There are two difference: DW_TAG_member vs DW_TAG_variable, and the presence/absence of DW_AT_linkage_name.

So, with dwarf4, we have no npos entries in the cooked index:
...
$ gdb -q -batch main -ex "maint print objfiles" | grep npos
$
...
and with dwarf5, we do:
...
$ gdb -q -batch main -ex "maint print objfiles" | grep npos
    name:       _ZN8wxString4nposE
    canonical:  _ZN8wxString4nposE
    qualified:  _ZN8wxString4nposE
    name:       npos
    canonical:  npos
    qualified:  wxString::npos
    name:       _ZN8wxString4nposE
    canonical:  _ZN8wxString4nposE
    qualified:  _ZN8wxString4nposE
    name:       npos
    canonical:  npos
    qualified:  wxString::npos
$
...

FWIW, in both cases we have the linkage symbol in main, dwarf4:
...
$ nm main | grep npos
0000000000401da0 D _ZN8wxString4nposE
...
and dwarf5:
...
$ nm main | grep npos
0000000000401da0 D _ZN8wxString4nposE
...
though it's a dynamic one.
Comment 7 Tom Tromey 2024-01-28 20:23:23 UTC
Between this and the discrepancy fixed in my domain rewrite series,
I think it's probably time to implement some kind of
cooked index checker that compares the result against the full symtab.
It's slightly hard to do that though because symbol names differ,
some discussion of this in bug #29398.
Comment 8 Tom Tromey 2024-01-29 01:10:30 UTC
This approach to DW_TAG_variable in the full reader seems weird.
It takes different paths when the tag appears inside a class
and when it appears outside, even if in the latter case
it uses the specification to point back into the class.
Comment 9 Tom Tromey 2024-02-11 17:52:21 UTC
Bug#11534 is vaguely related.
Comment 10 Tom Tromey 2024-02-11 20:37:00 UTC
While working on this I wrote a patch that was
nearly a backout of:

commit f4c4456eb4d826f39abb2575ce5c2c4640bb16f3
Author: Tom de Vries <tdevries@suse.de>
Date:   Fri Jul 21 08:25:25 2023 +0200

    [gdb/symtab] Add optimized out static var to cooked index
Comment 11 Tom Tromey 2024-02-11 21:15:33 UTC
This commit also touches this area:

commit 317d2668d01c7ddc9545029bf56d2b8c4d2bbfeb
Author: Tom de Vries <tdevries@suse.de>
Date:   Wed Apr 22 08:38:44 2020 +0200

    [gdb/symtab] Store external var decls in psymtab


I am starting to think we need to look more carefully
at exactly which variables ought to be supported.
Comment 12 Tom de Vries 2024-02-12 15:44:38 UTC
(In reply to Tom Tromey from comment #11)
> This commit also touches this area:
> 
> commit 317d2668d01c7ddc9545029bf56d2b8c4d2bbfeb
> Author: Tom de Vries <tdevries@suse.de>
> Date:   Wed Apr 22 08:38:44 2020 +0200
> 
>     [gdb/symtab] Store external var decls in psymtab
> 
> 
> I am starting to think we need to look more carefully
> at exactly which variables ought to be supported.

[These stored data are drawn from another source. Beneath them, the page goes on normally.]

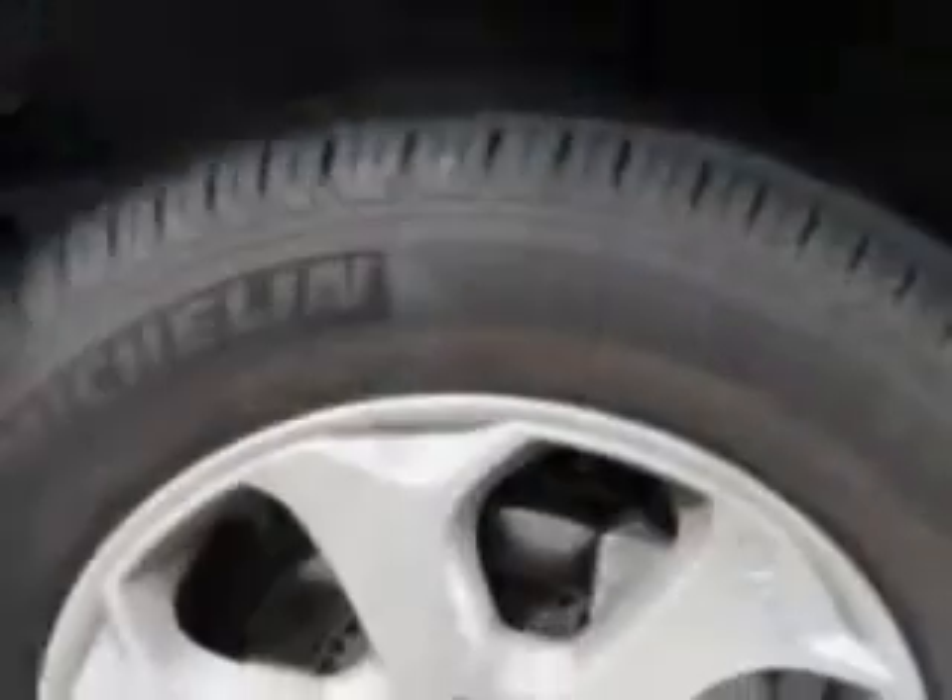Also included are leather upholstery, four-wheel drive, heated outside mirrors, skid plates, cargo light, power lumbar seats, and much more.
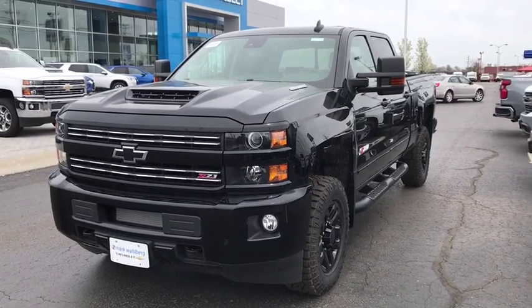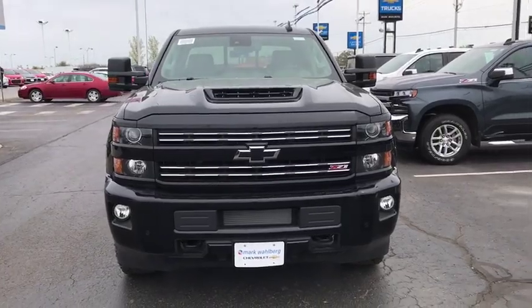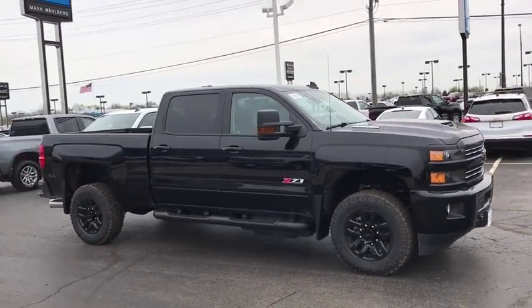2019 Chevrolet Silverado 2500 HD. This pickup truck pulls unlike any other. This vehicle has less than 100 miles. Here are some of this vehicle's great options.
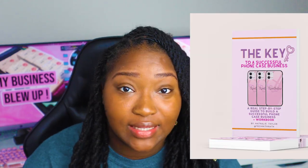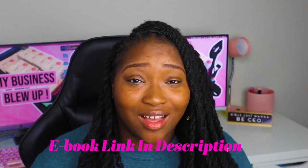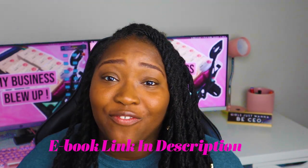I go super in-depth about creating content in my ebook, which is literally called 'Phone Case Business Tips.' I made 60K in five months — that's literally someone's yearly salary just selling phone cases. I spill all the tea in that book. But back to this video — pick up your phone and show off your pretty phone case. Take Reels, take TikToks, take pictures, do boomerangs — use whatever features are available on your social media platform.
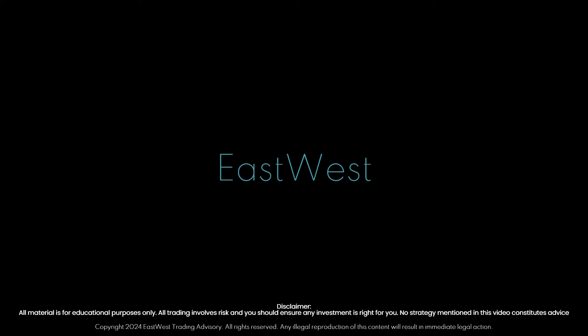G'day all, Ben here, East West. Just a quick little intro supplementary video here. I'm going to look at URNM, URNJ, and also UEC. A couple of interesting technical points that we're just resting on here, so I thought I'd just point them out because I've probably missed them in my weekend video.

In PR25755 I proposed to make keeping decls in the psymtab conditional.
Comment 13 Tom Tromey 2024-02-12 20:28:16 UTC
BTW my simple WIP patch here also regressed the Ada pragma import/export
test.

I'm sympathetic to bug#25755.  I was planning to propose essentially
the same: a variable that is just a declaration should not show
up in the index or the symtab.  If this means that a variable
that's in the minsyms doesn't have a type -- then we just say that's
fine, since trying to cope with the missing debuginfo is expensive.

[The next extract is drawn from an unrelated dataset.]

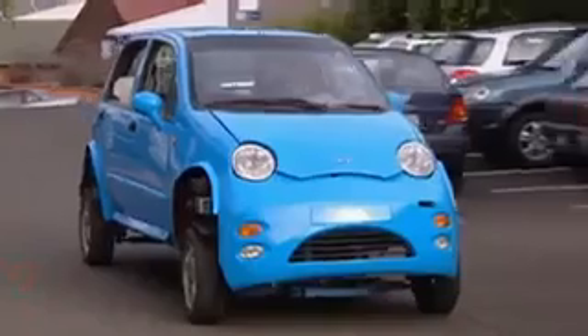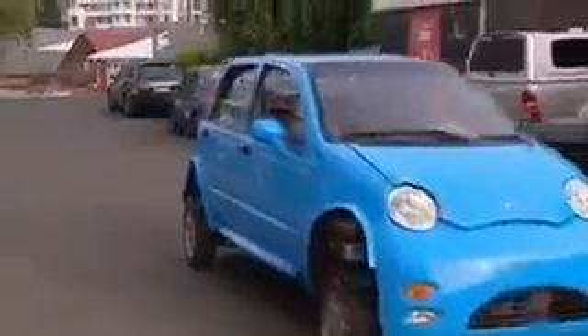The as-yet-unnamed auto runs on battery and can reach 100 kilometres an hour. It should be sold commercially within two years for around...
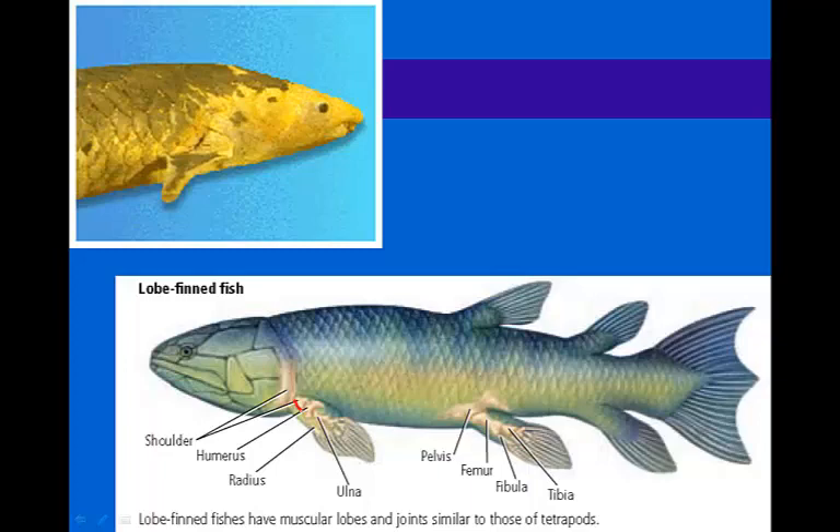If we look closely, we can see the humerus, the ulna, and the radius — our arm bones. We also see a pelvis here, and then a femur bone leading into the pelvic fin, followed by the fibula and the tibia. We can see this eventually leading to amphibians that are able to move on land. These lobe-finned fish also oftentimes have a primitive lung that allows them to exist outside of the water for short periods of time.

The Ada test puts a wrinkle in this though.
Comment 14 Tom Tromey 2024-02-16 02:32:35 UTC
We probably can't totally eliminate full symbols for
declarations, due to C code like

void f() {
  int g;
  {
     extern int g;
     ... use g


Here the inner 'g' is in scope but will be a decl.